CAIRO: The author of Egypt’s first graphic novel, which on Saturday was officially banned, has vowed to fight the ruling.
“I’ll appeal the verdict. I will not accept [a punishment] for something that I did not do, Magdy L Shafee, author of the banned graphic novel, “Metro, told Daily News Egypt.
Qasr El-Nil misdemeanors court on Saturday found Shafee and “Metro publisher Mohamed El-Sharqawy guilty of printing and distributing a publication infringing public decency, and handed down a LE 5,000 fine against both of them.
The court also rejected the appeal against the administrative ban imposed by a vice squad – and subsequently confirmed by the public prosecution office – that seized all copies of the comic in April 2008, a few months after its publication.
Shafee told Daily News Egypt that he was aware that sections of Metro – which contains limited content of a sexual nature – might offend some readers and that it was for this reason that a ” for adults only warning was put on the front cover. Shafee added that the comic’s content does not mean that it should be removed from the market.

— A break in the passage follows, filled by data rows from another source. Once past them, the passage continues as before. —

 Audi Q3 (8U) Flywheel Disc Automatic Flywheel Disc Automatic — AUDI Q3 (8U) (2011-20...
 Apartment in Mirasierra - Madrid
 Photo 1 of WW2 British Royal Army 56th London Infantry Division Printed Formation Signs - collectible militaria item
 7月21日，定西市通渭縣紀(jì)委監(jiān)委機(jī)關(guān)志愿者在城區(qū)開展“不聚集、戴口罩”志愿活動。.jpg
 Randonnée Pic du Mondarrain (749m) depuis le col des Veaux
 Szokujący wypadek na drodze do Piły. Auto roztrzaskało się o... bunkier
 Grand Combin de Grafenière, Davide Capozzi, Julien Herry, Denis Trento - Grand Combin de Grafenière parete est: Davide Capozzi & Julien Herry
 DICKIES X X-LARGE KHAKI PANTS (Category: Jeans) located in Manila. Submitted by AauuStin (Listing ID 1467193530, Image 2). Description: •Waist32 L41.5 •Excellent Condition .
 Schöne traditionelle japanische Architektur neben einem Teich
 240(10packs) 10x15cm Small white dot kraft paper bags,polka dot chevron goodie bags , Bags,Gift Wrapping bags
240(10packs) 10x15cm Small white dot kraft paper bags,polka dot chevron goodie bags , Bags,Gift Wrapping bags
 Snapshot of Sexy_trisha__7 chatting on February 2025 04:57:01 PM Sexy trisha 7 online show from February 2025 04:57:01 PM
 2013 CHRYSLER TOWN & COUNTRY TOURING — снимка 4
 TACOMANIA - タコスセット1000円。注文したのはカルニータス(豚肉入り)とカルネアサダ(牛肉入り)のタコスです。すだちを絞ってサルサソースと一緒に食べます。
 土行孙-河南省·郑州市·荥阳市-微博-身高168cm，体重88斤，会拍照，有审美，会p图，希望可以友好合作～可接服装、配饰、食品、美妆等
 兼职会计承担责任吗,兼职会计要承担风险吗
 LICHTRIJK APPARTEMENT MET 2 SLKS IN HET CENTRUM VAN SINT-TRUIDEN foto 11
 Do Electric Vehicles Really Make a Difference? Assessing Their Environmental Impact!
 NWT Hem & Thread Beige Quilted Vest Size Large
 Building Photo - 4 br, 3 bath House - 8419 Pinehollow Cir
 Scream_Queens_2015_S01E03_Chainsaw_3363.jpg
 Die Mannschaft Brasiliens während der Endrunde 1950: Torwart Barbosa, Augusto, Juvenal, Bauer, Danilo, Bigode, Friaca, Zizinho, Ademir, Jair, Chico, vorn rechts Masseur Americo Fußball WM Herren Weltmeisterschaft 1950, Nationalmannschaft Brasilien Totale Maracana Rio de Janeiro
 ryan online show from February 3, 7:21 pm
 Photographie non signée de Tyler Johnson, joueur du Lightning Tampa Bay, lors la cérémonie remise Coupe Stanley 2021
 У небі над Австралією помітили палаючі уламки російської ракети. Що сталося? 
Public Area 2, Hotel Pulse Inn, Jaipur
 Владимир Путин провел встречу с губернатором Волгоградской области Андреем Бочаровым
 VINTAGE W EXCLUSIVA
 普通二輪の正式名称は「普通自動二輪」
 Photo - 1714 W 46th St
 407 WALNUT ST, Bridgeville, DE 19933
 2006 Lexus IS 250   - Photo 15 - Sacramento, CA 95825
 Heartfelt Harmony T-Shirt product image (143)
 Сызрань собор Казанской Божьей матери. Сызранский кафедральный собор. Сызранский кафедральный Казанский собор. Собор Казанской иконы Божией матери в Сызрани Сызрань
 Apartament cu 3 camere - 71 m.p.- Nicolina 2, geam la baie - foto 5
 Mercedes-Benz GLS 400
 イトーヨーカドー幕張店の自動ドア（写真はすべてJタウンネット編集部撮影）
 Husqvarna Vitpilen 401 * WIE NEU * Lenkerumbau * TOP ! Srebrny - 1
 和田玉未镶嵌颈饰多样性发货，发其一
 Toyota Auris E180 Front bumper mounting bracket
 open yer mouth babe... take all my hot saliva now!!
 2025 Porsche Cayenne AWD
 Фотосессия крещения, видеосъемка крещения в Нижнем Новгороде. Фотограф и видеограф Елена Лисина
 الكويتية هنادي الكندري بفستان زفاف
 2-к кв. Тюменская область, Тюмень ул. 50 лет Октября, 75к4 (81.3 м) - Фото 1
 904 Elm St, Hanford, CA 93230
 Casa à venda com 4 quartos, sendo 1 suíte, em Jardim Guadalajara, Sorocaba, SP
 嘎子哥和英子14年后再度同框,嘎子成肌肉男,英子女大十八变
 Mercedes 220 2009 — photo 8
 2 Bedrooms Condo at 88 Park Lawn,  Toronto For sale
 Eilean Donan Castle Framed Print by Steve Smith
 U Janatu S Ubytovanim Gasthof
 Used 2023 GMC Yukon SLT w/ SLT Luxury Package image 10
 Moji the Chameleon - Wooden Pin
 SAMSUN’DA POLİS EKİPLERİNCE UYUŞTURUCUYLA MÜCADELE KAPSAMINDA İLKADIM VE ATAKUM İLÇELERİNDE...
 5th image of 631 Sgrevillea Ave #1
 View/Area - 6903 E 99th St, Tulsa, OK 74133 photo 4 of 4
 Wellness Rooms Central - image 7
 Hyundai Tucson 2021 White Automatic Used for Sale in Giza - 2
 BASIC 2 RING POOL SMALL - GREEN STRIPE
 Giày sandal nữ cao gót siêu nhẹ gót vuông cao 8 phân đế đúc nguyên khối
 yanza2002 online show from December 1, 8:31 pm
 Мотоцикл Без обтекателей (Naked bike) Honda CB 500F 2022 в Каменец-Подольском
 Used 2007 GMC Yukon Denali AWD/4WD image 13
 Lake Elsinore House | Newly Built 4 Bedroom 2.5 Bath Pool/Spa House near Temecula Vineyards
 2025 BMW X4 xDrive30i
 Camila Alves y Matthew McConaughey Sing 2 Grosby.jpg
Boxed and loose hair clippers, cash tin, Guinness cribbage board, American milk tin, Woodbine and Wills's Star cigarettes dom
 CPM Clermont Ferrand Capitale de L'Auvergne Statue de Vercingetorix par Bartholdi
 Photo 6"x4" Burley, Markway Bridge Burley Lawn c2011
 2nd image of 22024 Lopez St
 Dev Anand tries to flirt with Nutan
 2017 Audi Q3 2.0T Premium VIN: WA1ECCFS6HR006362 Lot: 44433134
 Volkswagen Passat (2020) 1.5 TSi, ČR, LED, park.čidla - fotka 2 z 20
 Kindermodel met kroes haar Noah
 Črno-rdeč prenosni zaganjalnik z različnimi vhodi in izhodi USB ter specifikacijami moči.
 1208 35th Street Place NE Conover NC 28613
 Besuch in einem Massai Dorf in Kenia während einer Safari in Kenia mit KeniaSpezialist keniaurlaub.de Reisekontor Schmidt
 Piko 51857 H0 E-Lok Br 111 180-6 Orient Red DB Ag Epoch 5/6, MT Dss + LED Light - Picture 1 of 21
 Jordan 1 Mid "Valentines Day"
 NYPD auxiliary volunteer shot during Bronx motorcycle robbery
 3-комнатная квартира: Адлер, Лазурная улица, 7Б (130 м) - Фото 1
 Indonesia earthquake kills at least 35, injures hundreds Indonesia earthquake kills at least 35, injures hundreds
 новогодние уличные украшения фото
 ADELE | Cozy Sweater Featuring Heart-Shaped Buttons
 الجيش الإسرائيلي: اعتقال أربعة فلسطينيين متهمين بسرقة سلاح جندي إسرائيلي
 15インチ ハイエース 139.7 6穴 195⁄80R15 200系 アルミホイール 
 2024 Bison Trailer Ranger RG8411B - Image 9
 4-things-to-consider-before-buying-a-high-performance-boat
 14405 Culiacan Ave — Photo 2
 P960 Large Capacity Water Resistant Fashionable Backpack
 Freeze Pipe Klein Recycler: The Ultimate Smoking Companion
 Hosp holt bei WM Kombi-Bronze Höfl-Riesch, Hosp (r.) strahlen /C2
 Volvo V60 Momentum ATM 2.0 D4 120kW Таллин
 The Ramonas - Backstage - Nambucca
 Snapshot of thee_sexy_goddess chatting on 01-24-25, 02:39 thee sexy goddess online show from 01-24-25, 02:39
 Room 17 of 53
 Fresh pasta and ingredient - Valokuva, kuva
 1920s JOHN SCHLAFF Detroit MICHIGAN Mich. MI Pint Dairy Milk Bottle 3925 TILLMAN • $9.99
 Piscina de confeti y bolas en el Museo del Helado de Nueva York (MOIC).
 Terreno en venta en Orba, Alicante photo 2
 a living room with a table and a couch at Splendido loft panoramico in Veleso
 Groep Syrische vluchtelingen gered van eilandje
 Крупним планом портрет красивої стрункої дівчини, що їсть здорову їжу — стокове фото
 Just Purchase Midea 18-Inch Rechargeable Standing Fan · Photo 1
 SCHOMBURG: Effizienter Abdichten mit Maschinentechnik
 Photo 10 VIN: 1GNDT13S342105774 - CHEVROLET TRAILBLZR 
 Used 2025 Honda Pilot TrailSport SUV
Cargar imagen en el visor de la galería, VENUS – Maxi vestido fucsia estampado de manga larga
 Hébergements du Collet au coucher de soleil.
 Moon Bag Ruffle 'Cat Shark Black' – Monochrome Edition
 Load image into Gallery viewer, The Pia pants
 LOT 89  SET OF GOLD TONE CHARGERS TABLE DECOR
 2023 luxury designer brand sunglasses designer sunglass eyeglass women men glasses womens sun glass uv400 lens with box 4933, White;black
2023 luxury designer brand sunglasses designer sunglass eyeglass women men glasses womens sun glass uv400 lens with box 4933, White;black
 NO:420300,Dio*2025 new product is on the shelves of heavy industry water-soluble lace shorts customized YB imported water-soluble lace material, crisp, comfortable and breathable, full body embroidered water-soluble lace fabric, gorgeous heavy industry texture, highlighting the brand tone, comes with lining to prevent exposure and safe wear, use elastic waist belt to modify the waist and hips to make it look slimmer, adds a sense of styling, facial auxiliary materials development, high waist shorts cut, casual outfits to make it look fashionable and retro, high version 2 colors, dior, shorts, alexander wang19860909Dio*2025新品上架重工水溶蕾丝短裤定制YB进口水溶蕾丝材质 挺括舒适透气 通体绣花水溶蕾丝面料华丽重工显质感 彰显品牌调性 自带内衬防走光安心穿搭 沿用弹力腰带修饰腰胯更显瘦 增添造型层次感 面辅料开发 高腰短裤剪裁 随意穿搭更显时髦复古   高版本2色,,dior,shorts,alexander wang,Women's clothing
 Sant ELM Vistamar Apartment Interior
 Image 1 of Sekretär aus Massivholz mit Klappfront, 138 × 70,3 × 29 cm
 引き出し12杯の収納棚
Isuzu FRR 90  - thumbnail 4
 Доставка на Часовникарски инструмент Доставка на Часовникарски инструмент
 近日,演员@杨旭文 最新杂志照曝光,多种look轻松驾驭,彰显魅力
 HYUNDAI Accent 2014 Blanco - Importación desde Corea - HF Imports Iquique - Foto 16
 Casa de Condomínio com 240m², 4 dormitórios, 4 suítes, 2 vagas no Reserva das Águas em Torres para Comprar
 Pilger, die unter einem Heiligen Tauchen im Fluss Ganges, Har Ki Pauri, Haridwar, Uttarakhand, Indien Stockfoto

“It is unethical to suppress freedom of speech and take books off the market, Shafee said. “This is about more than ‘Metro.’ If we stay passive we will lose our rights.
Arab Network for Human Rights Information (ANHRI) director Gamal Eid said that “there is no country which exercises liberty and bans novels, adding that the court objected to some of the “crude language used in the novel despite the fact that “this is the exact same language used in the street.
Eid also added that defense lawyers submitted to the courts images published in daily newspaper Rose El-Youssef which were “more lewd than the graphics in “Metro that the court objected to.
Defense lawyers had argued both the unconstitutionality of the articles under which these charges were brought, and that no violation occurred because the events described in the work occur in an artistic and dramatic context.
ANHRI was one of three human rights organizations that condemned the verdict “as a serious setback to the right to creativity and freedom of expression.